- [Exercise objective]: Could you transcribe all the entries exactly, omitting the pictures?

(Beginning of Excerpted records)

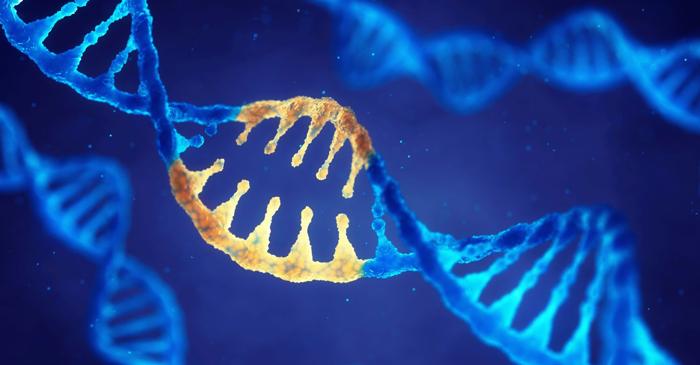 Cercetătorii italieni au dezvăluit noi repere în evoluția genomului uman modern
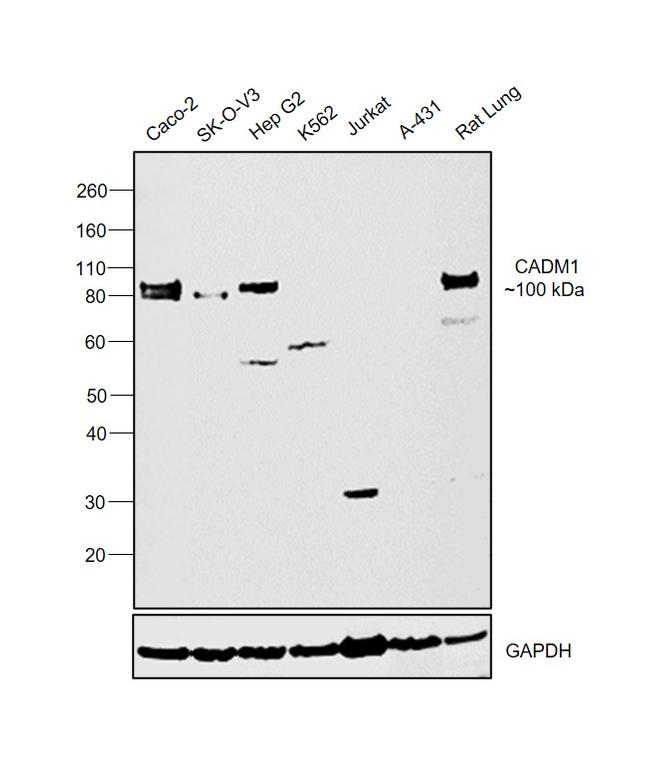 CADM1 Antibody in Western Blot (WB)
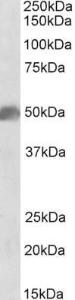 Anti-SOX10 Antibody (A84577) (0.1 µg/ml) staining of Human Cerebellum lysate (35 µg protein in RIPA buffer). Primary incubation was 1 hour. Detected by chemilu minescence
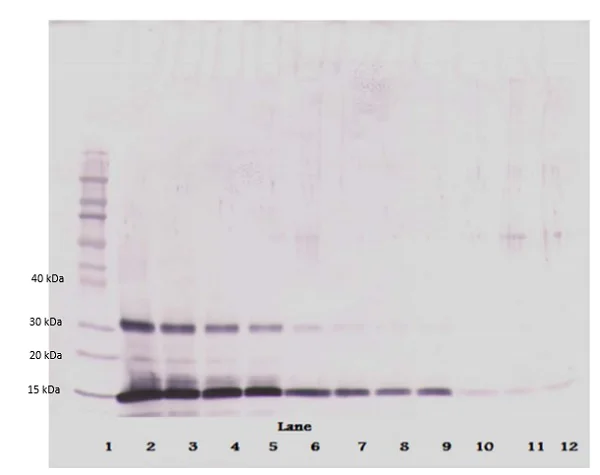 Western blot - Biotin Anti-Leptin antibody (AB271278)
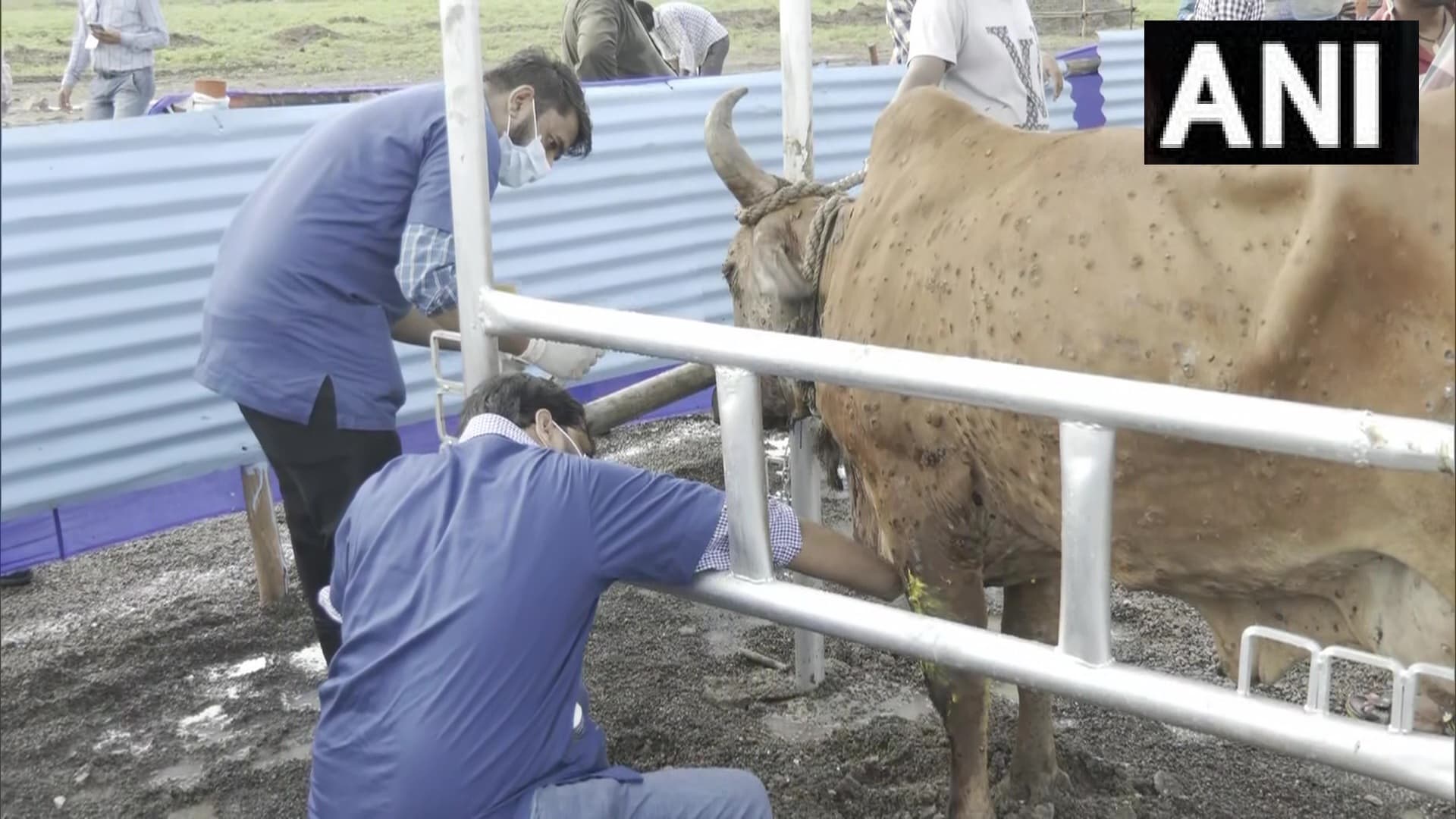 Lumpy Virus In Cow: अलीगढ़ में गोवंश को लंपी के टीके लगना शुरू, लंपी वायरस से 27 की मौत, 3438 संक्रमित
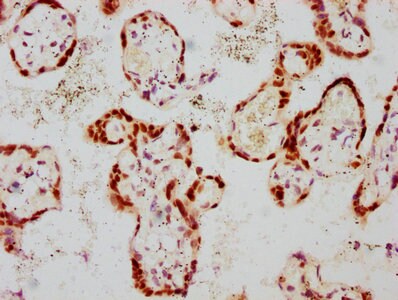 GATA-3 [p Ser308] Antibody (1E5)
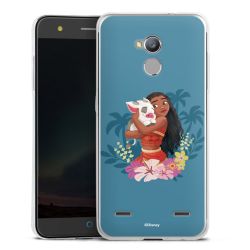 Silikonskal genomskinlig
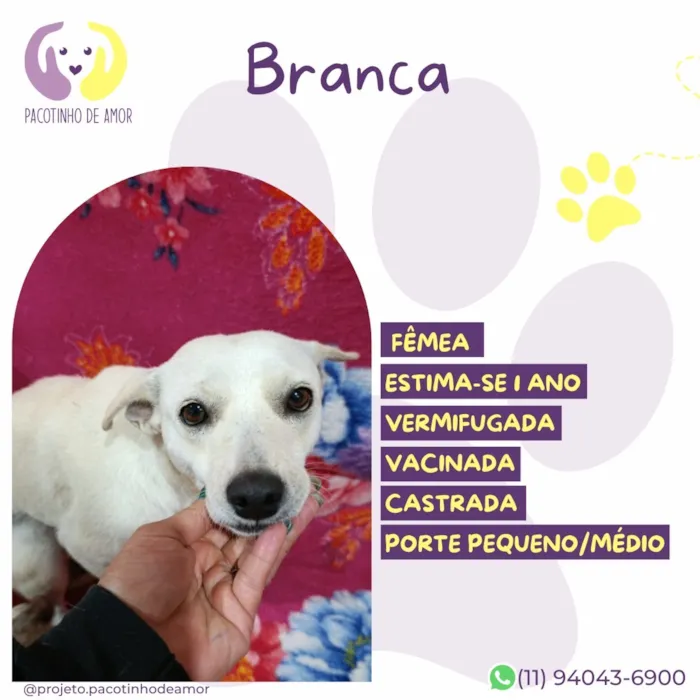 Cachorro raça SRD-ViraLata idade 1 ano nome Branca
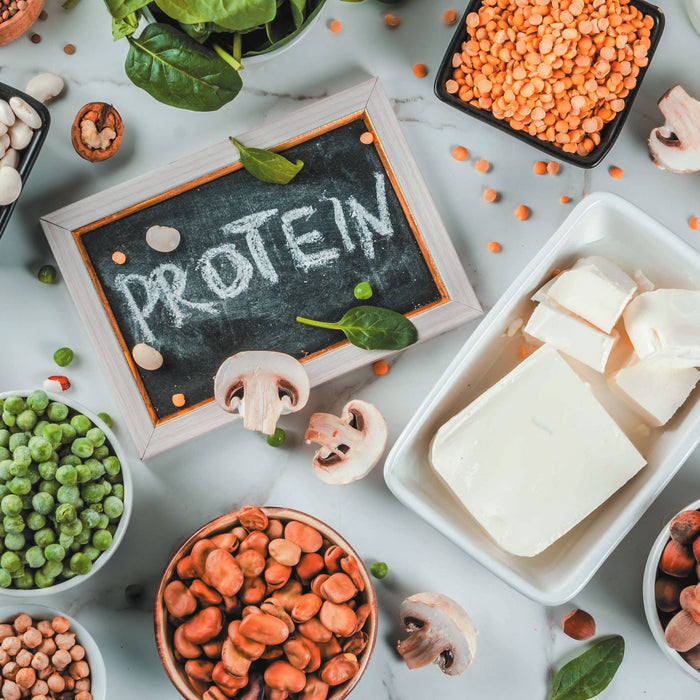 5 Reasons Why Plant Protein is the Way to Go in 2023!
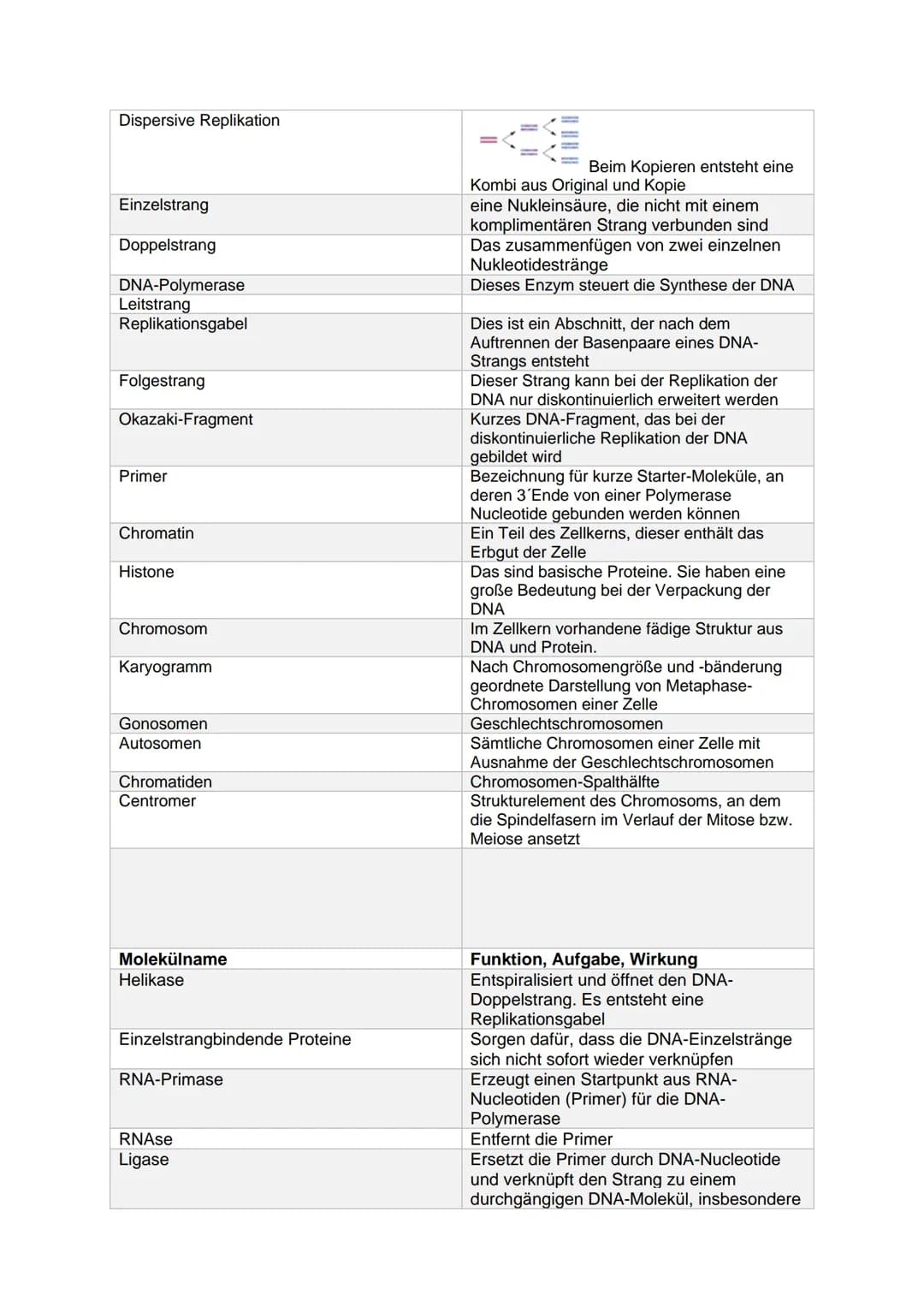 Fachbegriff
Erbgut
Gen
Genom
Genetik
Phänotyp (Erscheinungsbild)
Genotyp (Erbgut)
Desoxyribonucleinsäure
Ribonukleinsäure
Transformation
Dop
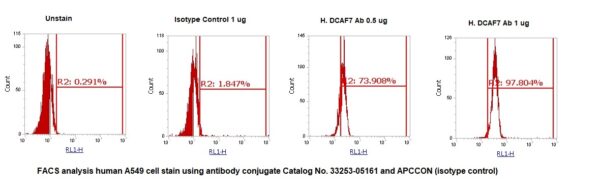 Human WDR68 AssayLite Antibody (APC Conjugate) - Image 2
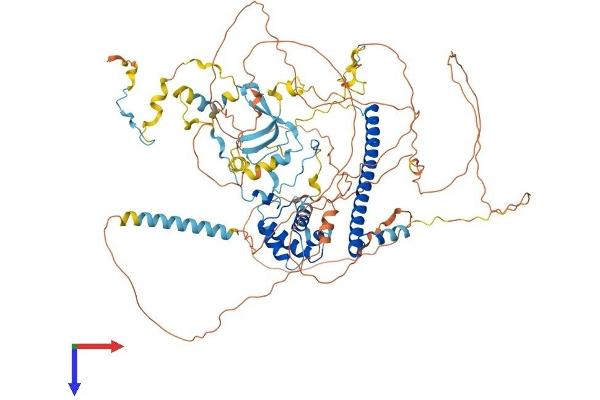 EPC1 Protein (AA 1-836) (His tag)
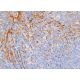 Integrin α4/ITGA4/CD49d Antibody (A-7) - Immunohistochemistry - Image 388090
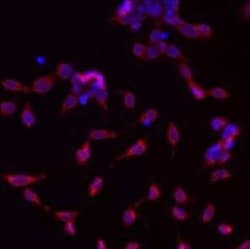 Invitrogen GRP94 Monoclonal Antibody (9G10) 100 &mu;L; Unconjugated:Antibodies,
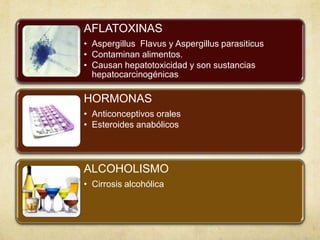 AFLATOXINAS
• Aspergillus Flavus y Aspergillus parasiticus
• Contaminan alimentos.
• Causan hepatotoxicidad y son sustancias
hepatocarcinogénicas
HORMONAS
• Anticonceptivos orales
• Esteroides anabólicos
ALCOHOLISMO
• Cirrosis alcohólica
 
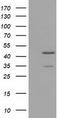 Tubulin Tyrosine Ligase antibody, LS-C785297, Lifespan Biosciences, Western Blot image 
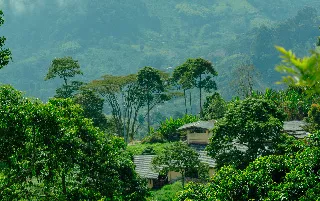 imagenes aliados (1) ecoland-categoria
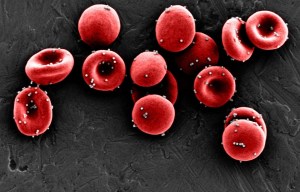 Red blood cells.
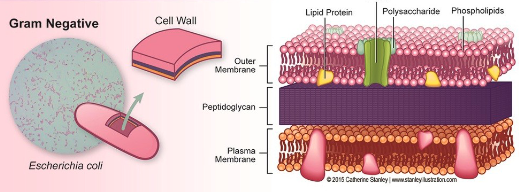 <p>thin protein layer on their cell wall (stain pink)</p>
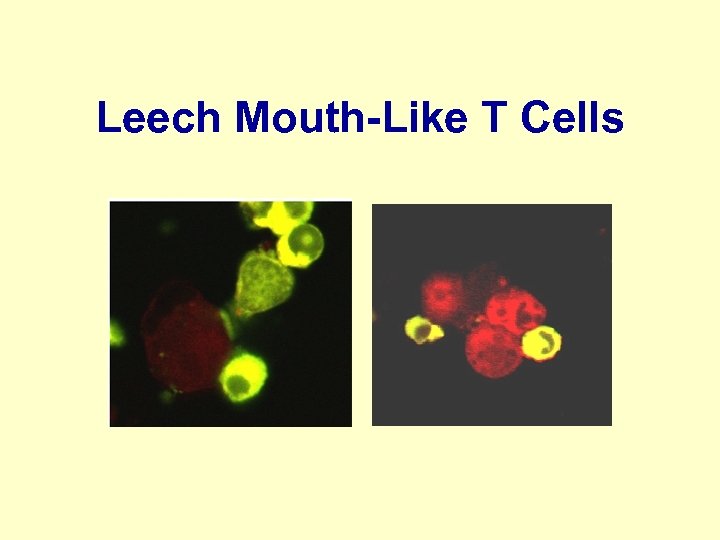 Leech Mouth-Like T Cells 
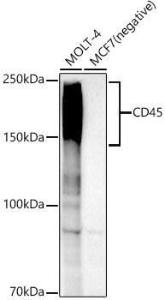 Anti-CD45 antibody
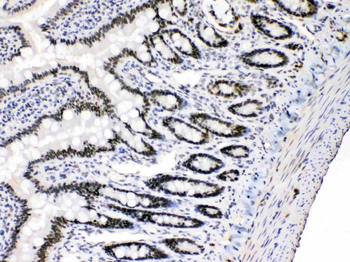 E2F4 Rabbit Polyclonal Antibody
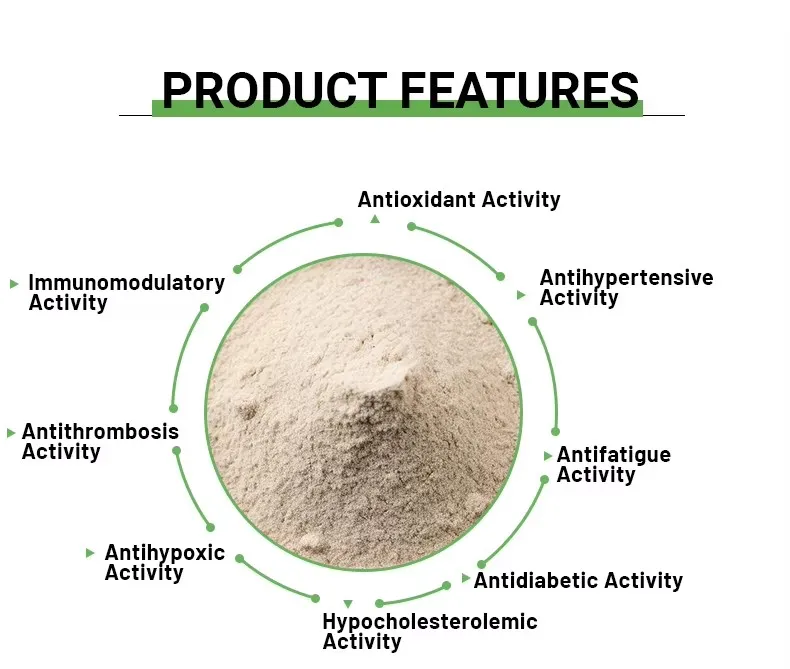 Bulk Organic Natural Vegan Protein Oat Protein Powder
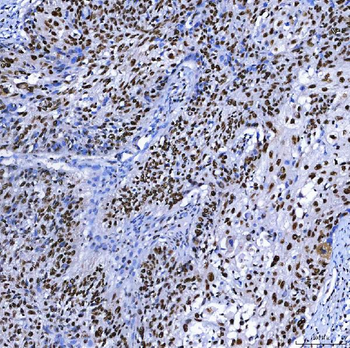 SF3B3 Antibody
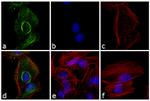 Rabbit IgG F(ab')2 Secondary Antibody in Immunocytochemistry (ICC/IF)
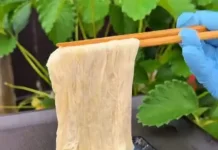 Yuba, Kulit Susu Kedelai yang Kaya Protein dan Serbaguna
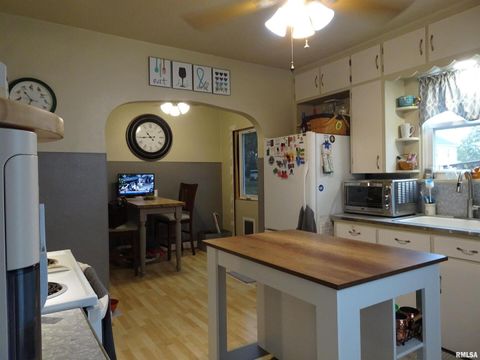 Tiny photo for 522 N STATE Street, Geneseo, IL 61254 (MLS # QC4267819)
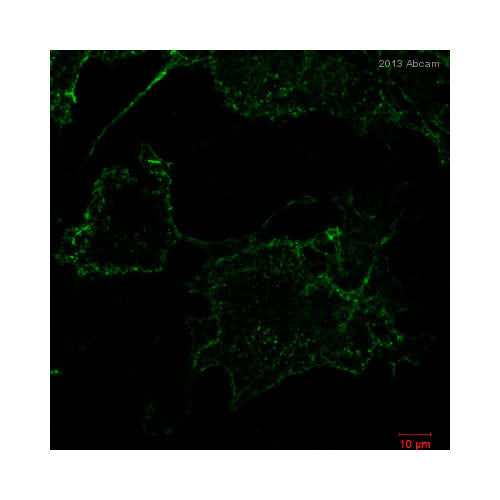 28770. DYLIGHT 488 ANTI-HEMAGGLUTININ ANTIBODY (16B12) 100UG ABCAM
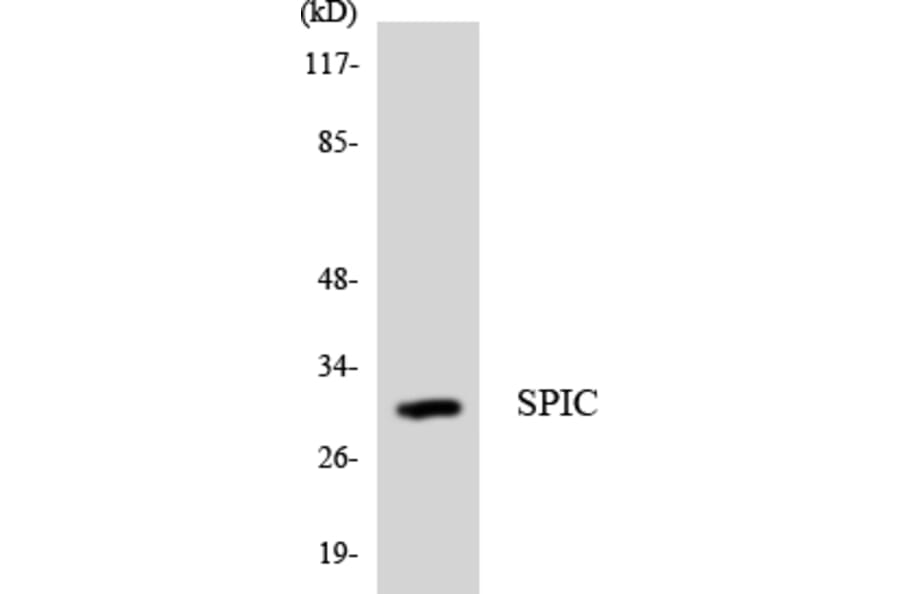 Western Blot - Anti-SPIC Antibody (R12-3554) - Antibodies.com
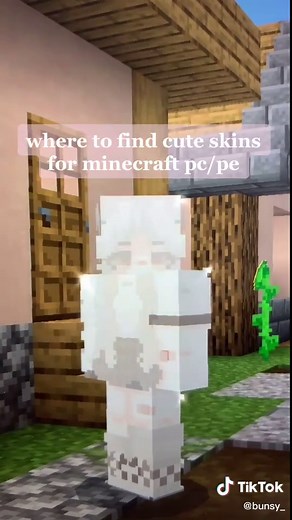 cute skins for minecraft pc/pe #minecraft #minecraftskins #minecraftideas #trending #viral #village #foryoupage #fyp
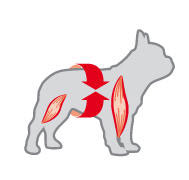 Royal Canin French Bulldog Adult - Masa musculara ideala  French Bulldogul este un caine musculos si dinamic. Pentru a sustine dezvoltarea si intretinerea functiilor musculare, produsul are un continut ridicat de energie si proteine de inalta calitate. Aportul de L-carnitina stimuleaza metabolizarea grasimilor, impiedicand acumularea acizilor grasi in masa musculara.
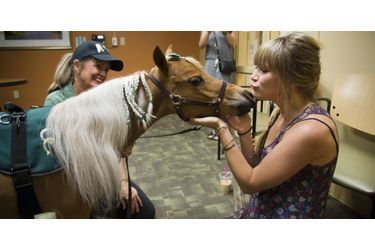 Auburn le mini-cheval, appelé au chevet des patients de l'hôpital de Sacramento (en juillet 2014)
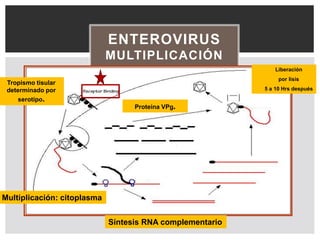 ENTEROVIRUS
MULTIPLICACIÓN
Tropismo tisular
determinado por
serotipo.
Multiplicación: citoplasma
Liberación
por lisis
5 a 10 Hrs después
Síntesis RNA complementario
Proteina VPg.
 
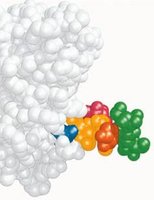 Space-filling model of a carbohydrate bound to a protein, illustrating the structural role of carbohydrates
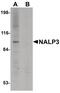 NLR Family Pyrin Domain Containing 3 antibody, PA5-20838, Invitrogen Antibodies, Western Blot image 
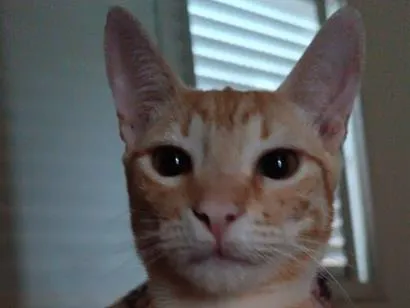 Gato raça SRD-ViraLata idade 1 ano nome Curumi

(End of Excerpted records)

- [Response box]:
 Cercetătorii italieni au dezvăluit noi repere în evoluția genomului uman modern
 CADM1 Antibody in Western Blot (WB)
 Anti-SOX10 Antibody (A84577) (0.1 µg/ml) staining of Human Cerebellum lysate (35 µg protein in RIPA buffer). Primary incubation was 1 hour. Detected by chemilu minescence
 Western blot - Biotin Anti-Leptin antibody (AB271278)
 Lumpy Virus In Cow: अलीगढ़ में गोवंश को लंपी के टीके लगना शुरू, लंपी वायरस से 27 की मौत, 3438 संक्रमित
 GATA-3 [p Ser308] Antibody (1E5)
 Silikonskal genomskinlig
 Cachorro raça SRD-ViraLata idade 1 ano nome Branca
 5 Reasons Why Plant Protein is the Way to Go in 2023!
 Fachbegriff
Erbgut
Gen
Genom
Genetik
Phänotyp (Erscheinungsbild)
Genotyp (Erbgut)
Desoxyribonucleinsäure
Ribonukleinsäure
Transformation
Dop
 Human WDR68 AssayLite Antibody (APC Conjugate) - Image 2
 EPC1 Protein (AA 1-836) (His tag)
 Integrin α4/ITGA4/CD49d Antibody (A-7) - Immunohistochemistry - Image 388090
 Invitrogen GRP94 Monoclonal Antibody (9G10) 100 &mu;L; Unconjugated:Antibodies,
 AFLATOXINAS
• Aspergillus Flavus y Aspergillus parasiticus
• Contaminan alimentos.
• Causan hepatotoxicidad y son sustancias
hepatocarcinogénicas
HORMONAS
• Anticonceptivos orales
• Esteroides anabólicos
ALCOHOLISMO
• Cirrosis alcohólica
 
 Tubulin Tyrosine Ligase antibody, LS-C785297, Lifespan Biosciences, Western Blot image 
 imagenes aliados (1) ecoland-categoria
 Red blood cells.
 <p>thin protein layer on their cell wall (stain pink)</p>
 Leech Mouth-Like T Cells 
 Anti-CD45 antibody
 E2F4 Rabbit Polyclonal Antibody
 Bulk Organic Natural Vegan Protein Oat Protein Powder
 SF3B3 Antibody
 Rabbit IgG F(ab')2 Secondary Antibody in Immunocytochemistry (ICC/IF)
 Yuba, Kulit Susu Kedelai yang Kaya Protein dan Serbaguna
 Tiny photo for 522 N STATE Street, Geneseo, IL 61254 (MLS # QC4267819)
 28770. DYLIGHT 488 ANTI-HEMAGGLUTININ ANTIBODY (16B12) 100UG ABCAM
 Western Blot - Anti-SPIC Antibody (R12-3554) - Antibodies.com
 cute skins for minecraft pc/pe #minecraft #minecraftskins #minecraftideas #trending #viral #village #foryoupage #fyp
 Royal Canin French Bulldog Adult - Masa musculara ideala  French Bulldogul este un caine musculos si dinamic. Pentru a sustine dezvoltarea si intretinerea functiilor musculare, produsul are un continut ridicat de energie si proteine de inalta calitate. Aportul de L-carnitina stimuleaza metabolizarea grasimilor, impiedicand acumularea acizilor grasi in masa musculara.
 Auburn le mini-cheval, appelé au chevet des patients de l'hôpital de Sacramento (en juillet 2014)
 ENTEROVIRUS
MULTIPLICACIÓN
Tropismo tisular
determinado por
serotipo.
Multiplicación: citoplasma
Liberación
por lisis
5 a 10 Hrs después
Síntesis RNA complementario
Proteina VPg.
 
 Space-filling model of a carbohydrate bound to a protein, illustrating the structural role of carbohydrates
 NLR Family Pyrin Domain Containing 3 antibody, PA5-20838, Invitrogen Antibodies, Western Blot image 
 Gato raça SRD-ViraLata idade 1 ano nome Curumi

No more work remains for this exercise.